Gritan las musas horrorizadas, coléricas y presas de un profundo pavor; un niño bañado en sangre llora desesperado, buscando el cálido abrazo de su madre... de su gélida madre, cuyo cuello a medio abrir tiempo ha dejó de emanar sangre; cuyo cuerpo horas ha, fue abandonado por un alma que más quisiera haber sobrevivido para proteger a su hijo.

Las horas pasaron, mas allá en la lejanía de la soledad del niño, eran bien perceptibles los gemidos de una mujer, que entre risas disfrutaba de un macabro placer a costa de un padre cuyo norte había perdido ¿Qué iba a ser de él? No habría madre que le protegiera: no habría padre entregado a la causa de cuidar a su hijo.
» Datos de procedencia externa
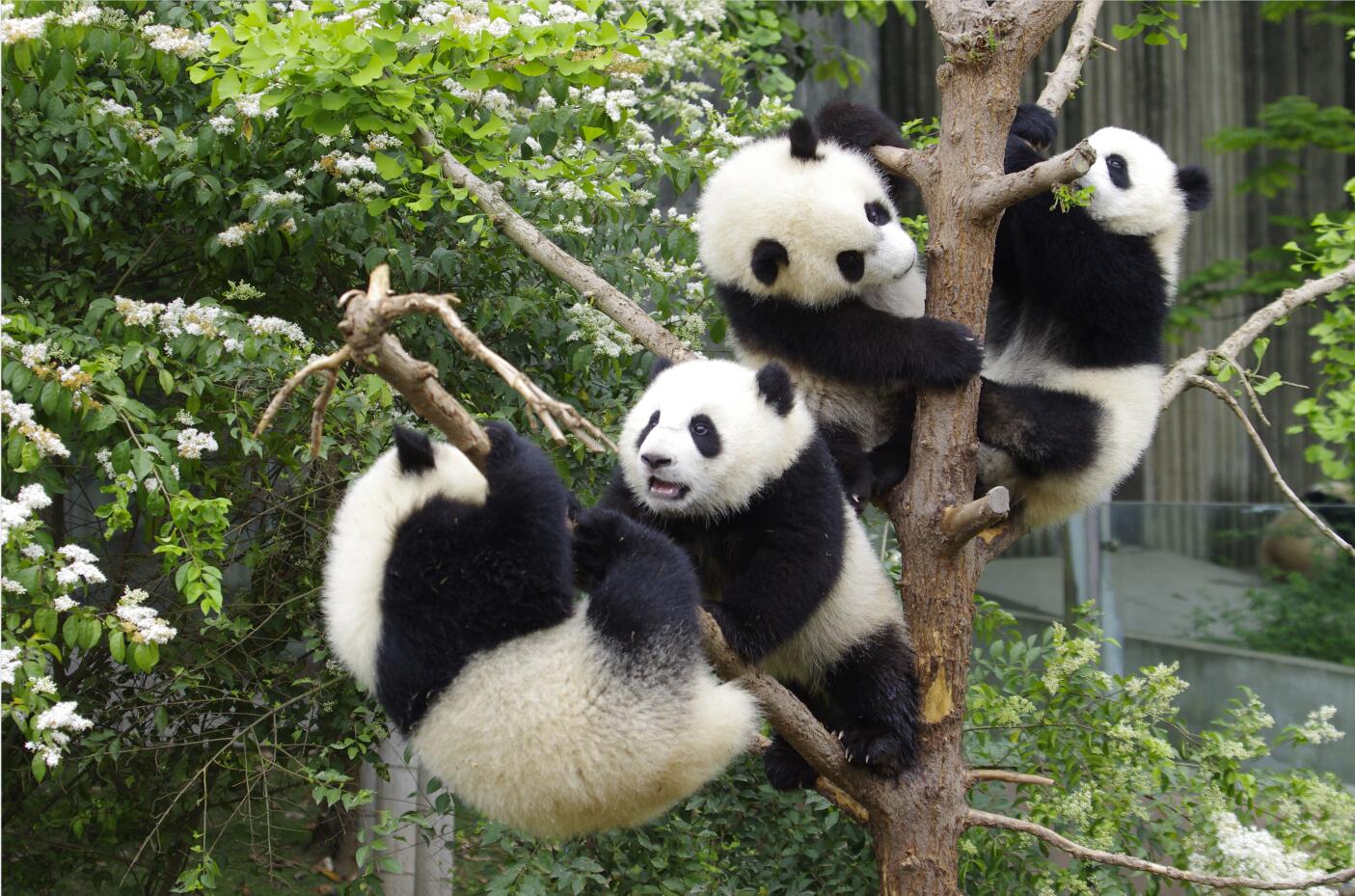 成都周边春季徒步旅游攻略,成都森林徒步旅游攻略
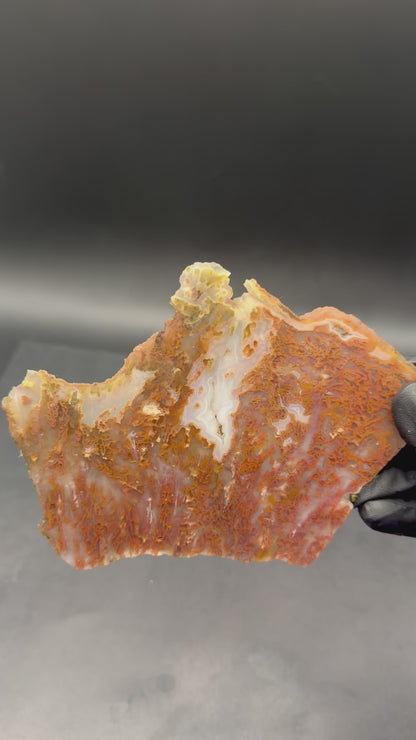 Bull Canyon Tube/Moss Agate (Unpolished)
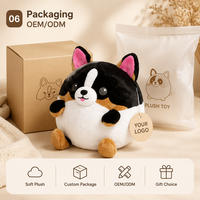 Peluche chien Corgi mignon en coton PP, jouet anti-stress, emballage personnalisé, logo, cadeau, faible MOQ, service OEM ODM, le meilleur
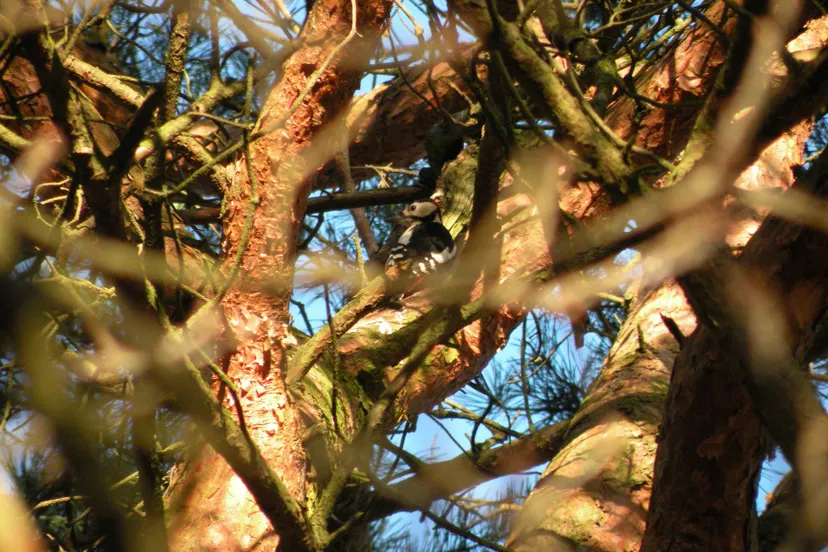 februari rams woerthe 002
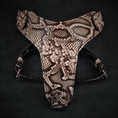 Load image into Gallery viewer, The ''Rock Python'' harness - Pet Collars & Harnesses from Bestia Dog Gear
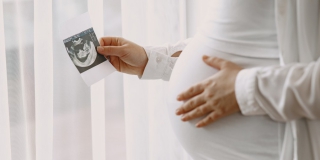 ����������� ������ �������� 1576 ���� ��� ���������� ���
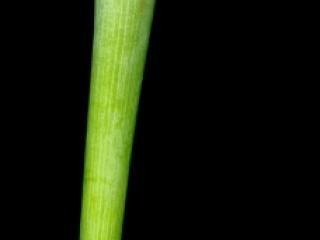 Img.VTax3337.ExN.Img9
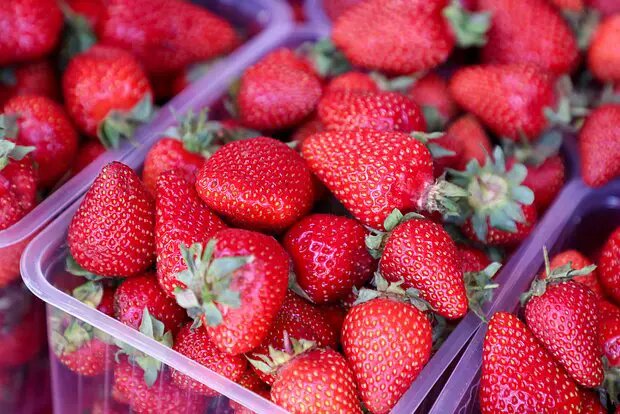    Фото: lenta.ru Евгений Агапов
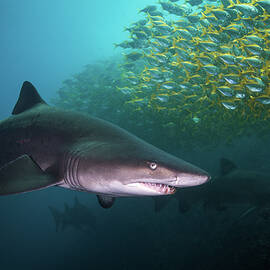 Shark Herder by Robert Smith
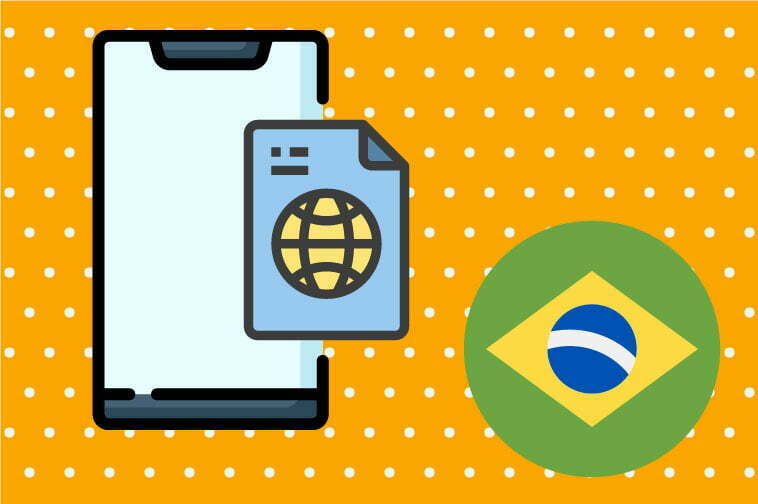 Brazilian Portuguese Software Translation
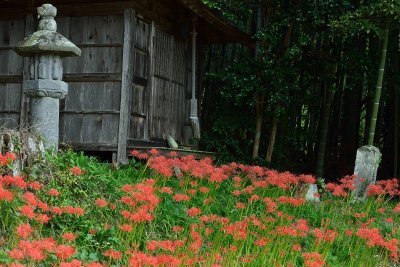 20121006_083w.jpg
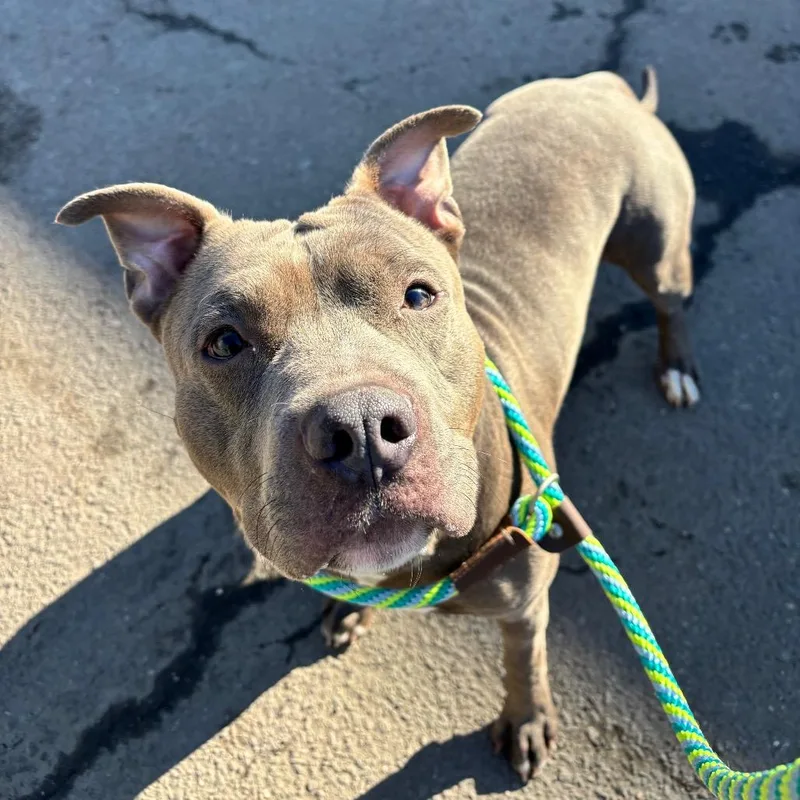 Raffaele thumbnail 2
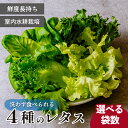 【ふるさと納税】<洗わず食べられる・室内水耕栽培> 4種のレタス 4袋or8袋 | レタス サラダ菜 グリーンオーク グリーンリーフ 減農薬 新鮮 新鮮オーガニ...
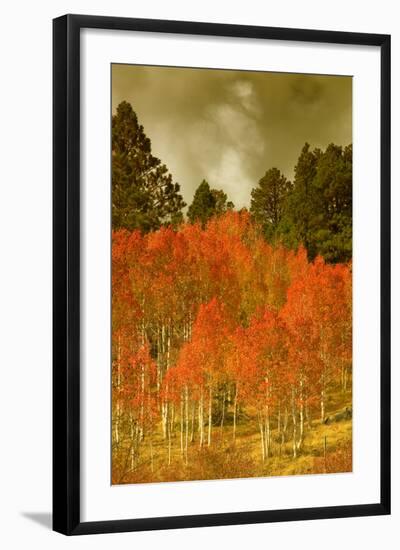 Portrait of Aspens in Autumn-Vincent James-Framed Photographic Print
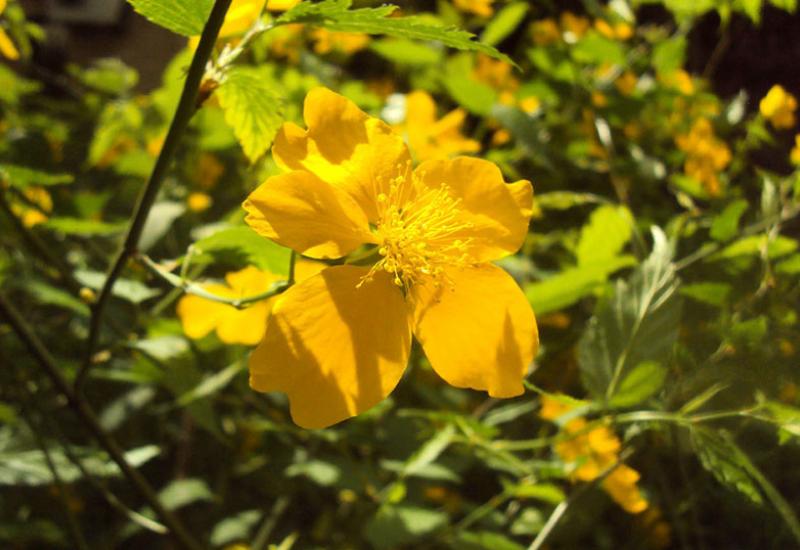 Кампус КПІ. керія (Kerria japonica) Кампус КПІ. керія (Kerria japonica)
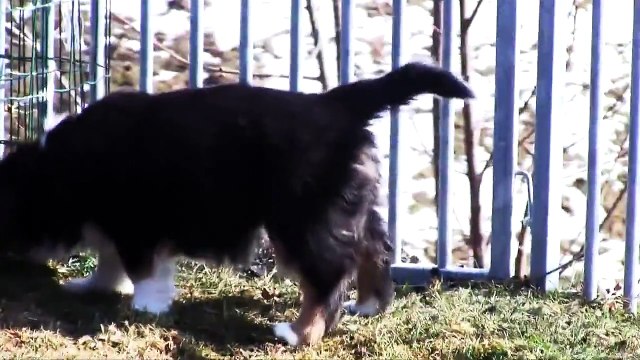 7 weeks old Australian Shepherd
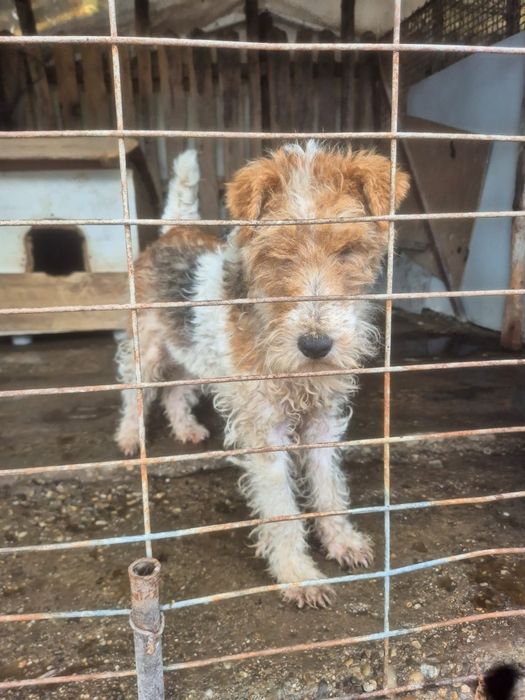 Femela fox terrier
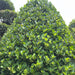 cone shape ficus plant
Así los días pasaron; los meses; las estaciones... los años. Pocos apostaron por la vida del crío, mas éste había sobrevivido. Tal vez la resaca de aquella mujer hizo comprender, tan sólo a medias, que tal vez habría que ocuparse de ese diminuto ser casi desfallecido.

De buena gana quiso el padre haber degollado también a su hijo, mas ella, fruto de un singular capricho quiso apiadarse de él, siempre y cuando el vino no fuera un elemento más de sus fluidos. Ese era su verdadero dios; para ella y para él, extasiados en un subconsciente macabro sin límites; abusando de su poder... mientras un niño que con los años crecía, en la misma habitación donde casi cinco años ha el mundo por primera vez había visto, contemplaba impasible el pasar del tiempo, rememorando que esa noche sería precisamente su año quinto.

No hubo juegos para él; tan sólo tareas por cumplir y un padre al que obedecer. Su cuarto sólo albergaba una habitación decorada con la misma función que antes había servido; sólo la cama contrastaba con la imagen de la sala de estar que antaño había sido. A su izquierda lucía una enorme ventana con vistas a la linde de un bosque de tilos; frente a su cama y encima de un mueble de color verde oscuro imitando al mármol, asomaban tres diminutos ventanucos que colindaban con el mismo borde del bosque. Sus árboles, esqueléticos y siniestros al son del frío, se mecían cantando una muy singular nana: la única nana que Andréi había oído.

Pocas mañanas por aquel lugar pasaban niños, mas sólo Andréi los podía ver desde su ventana, al tener el salir a la calle prohibido. No hubo escuela donde aprender, ni libros de cuentos para la mente entretener. Ciertamente su padre años después le enseñó a leer, pero sus libros no daban lecciones adecuadas para un niño: todos ellos hablaban de tipos diferentes y procedencia del vino; de cómo sacar partido a las cosechas; un libro de matemáticas le enseñaba a sumar y restar, para que en el futuro llevara las cuentas del negocio del padre, que tanto le había enriquecido.

Todo lo que con su altura podía limpiar, era entonces una tarea a realizar: de hecho, muchas veces lo castigaron por no crecer rápido, y así poder asignarle un nuevo cometido.

¡Pobre niño! Andréi nunca abrazó a sus padres; nunca lo había conseguido. Andréi nunca había conseguido soñar; el mundo angosto que le rodeaba lo había impedido.